Analysis of the Redis Pattern

* Strengths:

* Performance: Redis is exceptionally fast. The SETNX operation is O(1) and typically completes in sub-milliseconds, making the lock acquisition phase very lightweight.

* Simplicity: The logic is relatively straightforward, relying on a single atomic command.

* Built-in TTL: Redis's native TTL support is perfect for handling stale locks from crashed workers.

* Weaknesses & Edge Cases:

* Persistence: Standard Redis configurations prioritize speed over durability. If a Redis primary node fails before a write is replicated, a lock or a result could be lost. For absolute certainty, you might need Redis Sentinel/Cluster with AOF persistence, which adds complexity.

* Clock Skew: The TTL is managed by the Redis server. If client clocks are wildly out of sync, it's not an issue. But distributed lock algorithms can be sensitive to clock drift in more complex scenarios (e.g., Redlock).

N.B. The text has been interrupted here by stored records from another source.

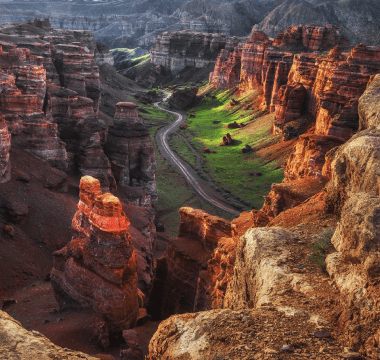 Charyn Canyon Tours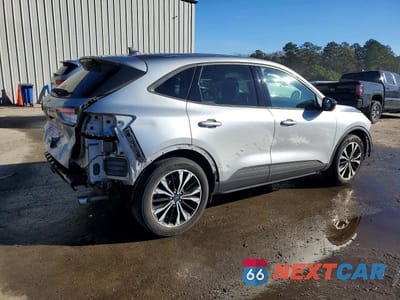 Trzecie zdjęcie samochodu z tyłu: 2022 FORD ESCAPE SE VIN:1FMCU0G68NUA90411 - miniatura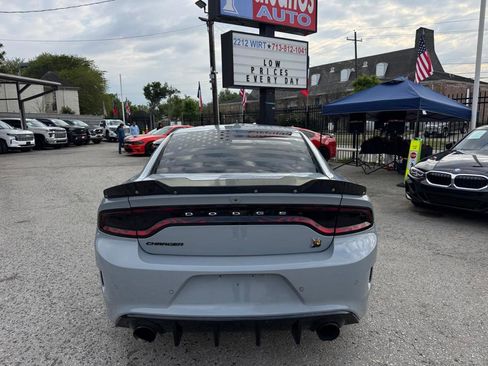 Used 2022 Dodge Charger Scat Pack w/ Plus Group image 6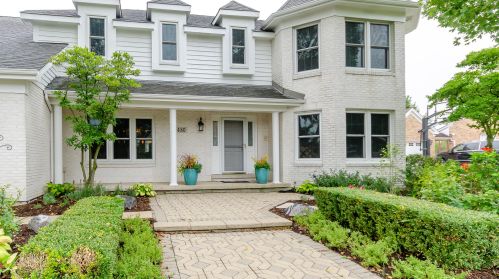 480 81st St, Willowbrook, IL 60527-5985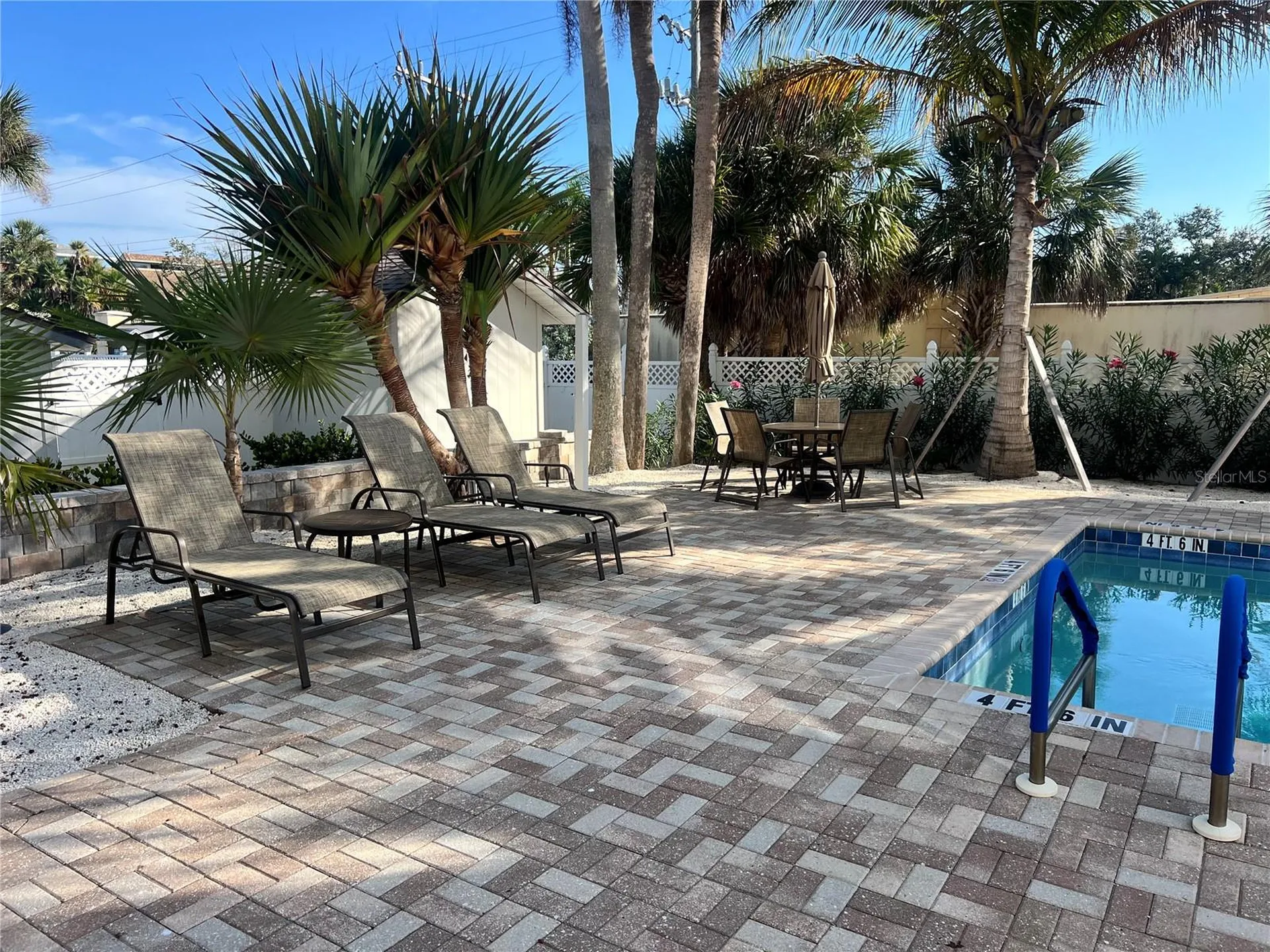 1001 Point Of Rocks Road Sarasota FL 34242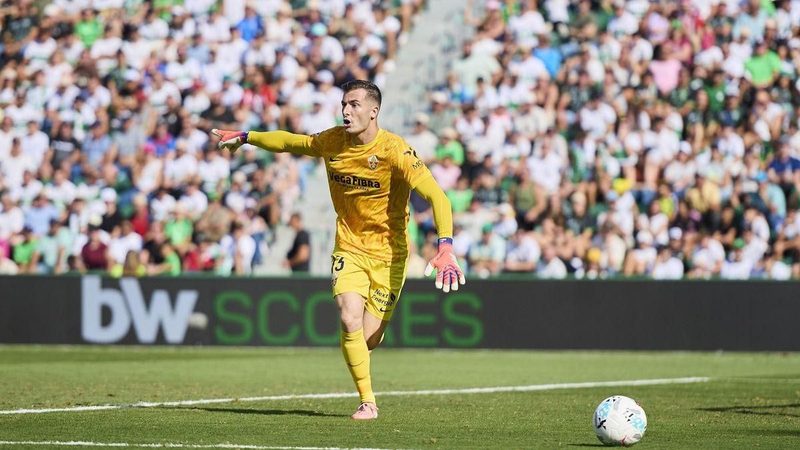 Iñaki Peña destaca la superioridad del Elche pero lamenta la falta de gol ante el Athletic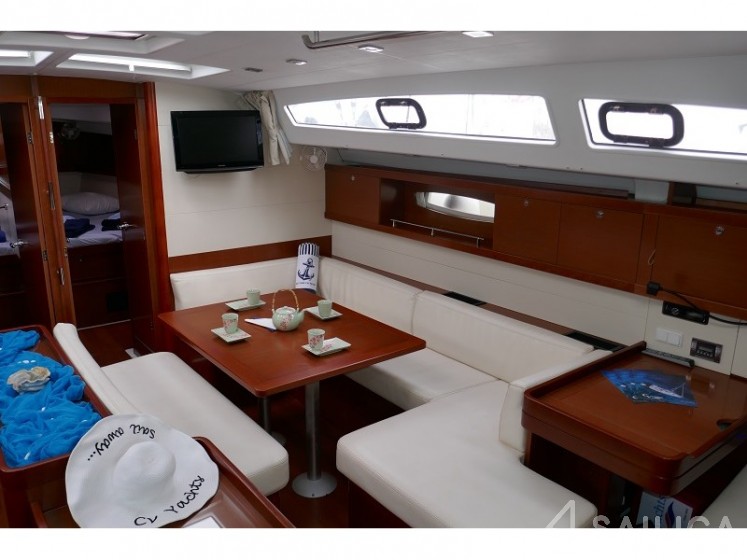 Oceanis 50 - Yacht Charter Sailica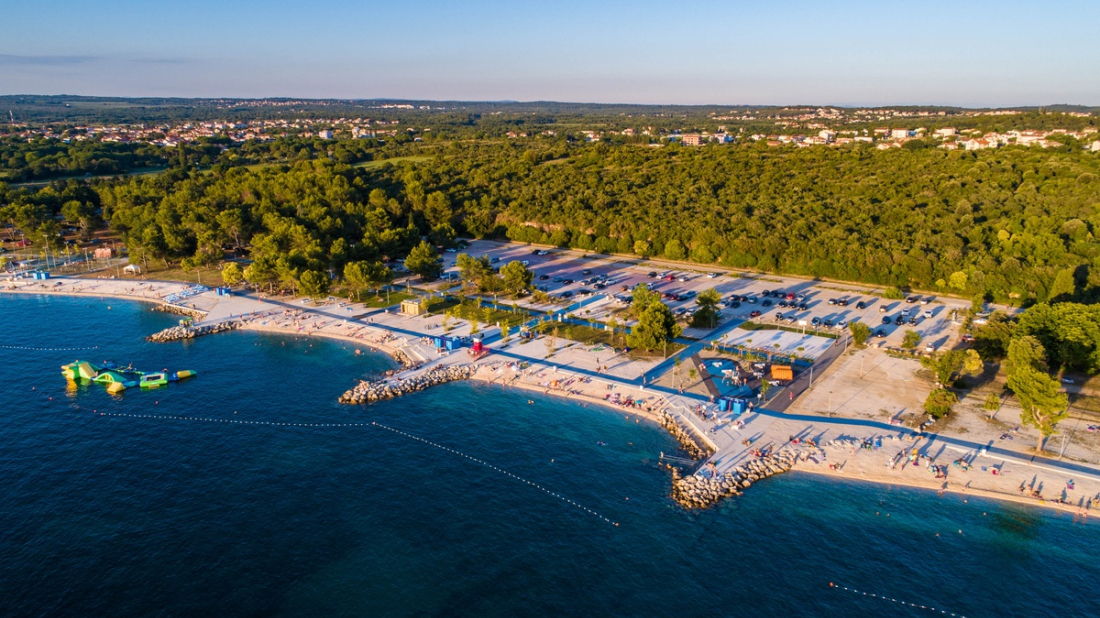 Poprilično pijan vozio u pješačkoj zoni u blizini plaže! Prijeti mu zatvorska kazna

* Handling RequestInProgress: Our example fails fast. In a real system, you might implement a backoff-and-retry loop for the second caller, polling the result_key for a few seconds before giving up. This can smooth over short processing delays.

Implementation 2: AWS DynamoDB for Serverless, Durable Locking

For architectures running in AWS, particularly serverless (Lambda), DynamoDB offers a compelling alternative. It's fully managed, highly available, and provides the atomic operations we need through Condition Expressions.

A ConditionExpression allows you to make a write operation (like PutItem or UpdateItem) conditional on the state of the item on the server. We can use attribute_not_exists(IdempotencyKey) to achieve the exact same atomic "write-if-not-exist" behavior as Redis's SETNX.

The DynamoDB Idempotency Table

First, define a simple DynamoDB table. A pay-per-request model is often cost-effective for this use case.

* Table Name: IdempotencyStore

* Partition Key: IdempotencyKey (String)

* TTL Attribute: ExpiryTimestamp (Enable DynamoDB TTL on this attribute)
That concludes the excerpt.